Des milliers de sympathisants de l'opposition avec à leurs tête, les principaux leaders, ont répondu présents à la marche suivie d'un meeting qui s'est par la suite transformé en une véritable manifestation contre la gouvernance du président Condé. Les manifestants ont ainsi scandé des messages hostiles à la gestion du pouvoir par Alpha Condé, au pouvoir depuis 2010. « Ils continuent de s'enrichir et d'ignorer les engagements qu'ils ont pris », a par exemple dénoncé l'ancien premier ministre Cellou Dalein Diallo, chef de file de l'opposition politique candidats à deux reprises à la présidentielle contre Condé (2010 et 2015).

« Il y a une misère sans nom qui assaille les guinéens de Conakry à l'intérieur du pays. Dans toutes les préfectures aujourd'hui, les guinéens souffrent de faim, de malnutrition, mais aussi d'injustice, d'insécurité, d'insalubrité, d'arbitraire. Ces problèmes ne sont pas une fatalité. Ce sont les conséquences de la mauvaise gestion et du peu de souci que ceux qui nous dirigent ont des conditions de vie des populations ». Cellou Dalein Diallo, principal opposant de Condé.

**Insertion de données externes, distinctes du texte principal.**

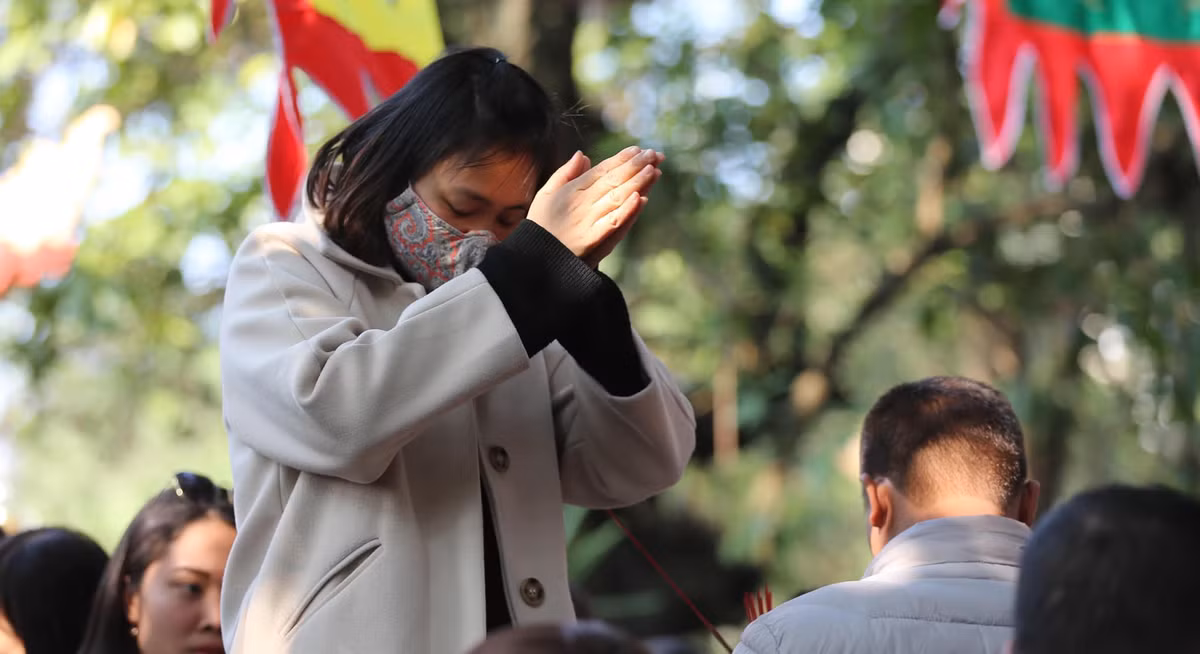 Thông thường khi vào chùa, người đi lễ phải bỏ mũ, khẩu trang để thành tâm khấn vái. Thế những giữa tình hình dịch bệnh bùng phát thì phải bảo vệ sức khoẻ cho bản thân đầu tiên.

Une mobilisation qui donne des ailes à l'opposition

Le succès des manifestations donne en tout cas des ailes à l'opposition politique qui voit au-delà de la tenue des élections locales, mais plutôt les prochaines présidentielles de 2020. Les chefs de l'opposition n'ont en tout cas pas fait dans la dentelle lors de leurs différentes interventions remettant ainsi en cause tous les progrès que le gouvernement affirme avoir enregistré depuis 7 ans. « Le peuple ne veut plus de ce gouvernement et ne veut plus de la politique d'Alpha Condé parce qu'il a échoué », a lâché par exemple Papa Koly Kourouma, un ancien ministre de Condé qui a rejoint l'opposition. « Cette mobilisation montre que le peuple de Guinée est derrière l'opposition et son chef de file » s'est par exemple félicité le député  Dembo Sylla pour qui « l'opposition a déjà le tapis rouge pour 2020 ».

Lundi pourtant, le chef d'Etat guinéen s'est engagé dans un communiqué de la présidence, à tout mettre en œuvre pour la tenue de ces élections locales, les premières du genre depuis 2005 ! Le président guinéen a expliqué le retard ainsi enregistré par « des difficultés qui n'ont pas permis de réaliser les actions prévues aux dates convenues ». En signe d'apaisement, il a même sollicité la commission électorale à prendre les mesures nécessaires pour l'organisation des élections locales dans les meilleurs délais.

Des signes d'apaisement qui n'ont visiblement pas satisfaits l'opposition qui a annoncé vouloir maintenir sa fronde jusqu'au respect de tous les points contenus dans l'accord politique.

Fronde interne pour le médiateur de l'UA

Alpha Condé va donc devoir gérer une nouvelle crise politique mais cette fois-ci... chez-lui. Au delà de la tenue des élections, l'enjeu pour l'opposition guinéenne est en effet de mettre en mauvaise posture le président Condé. D'autant que depuis quelques mois, le débat sur un éventuel troisième mandat pour Alpha Condé fait rage dans le pays et est amplifié par une posture assez ambiguë du principal concerné.

Avec la multiplication des manifestations politiques qui viennent s'ajouter à la série de mouvements sociaux du début d'année, Alpha Condé va devoir jouer des coudes pour éteindre l'incendie qui couve à deux ans de la fin de son mandat.

Le chef d'Etat guinéen est le président en exercice de l'Union africaine (UA) et à ce titre, il n'a cessé depuis le début de l'année à se déplacer de pays en pays pour jouer les médiateurs dans diverses crises que connait le continent.

Cette fois, c'est sur le front intérieur qu'il va devoir jouer les sapeurs-pompiers avec une opposition prête à en découdre, ce qui rappelle les mauvais souvenirs des crises politiques vécues par le pays à plusieurs reprises. De mauvais présage pour Alpha Condé car la persistance de la contestation va certainement ternir l'image de l'ancien opposant historique, qui aime à rappeler qu'il est « le premier président démocratiquement élu de la Guinée ».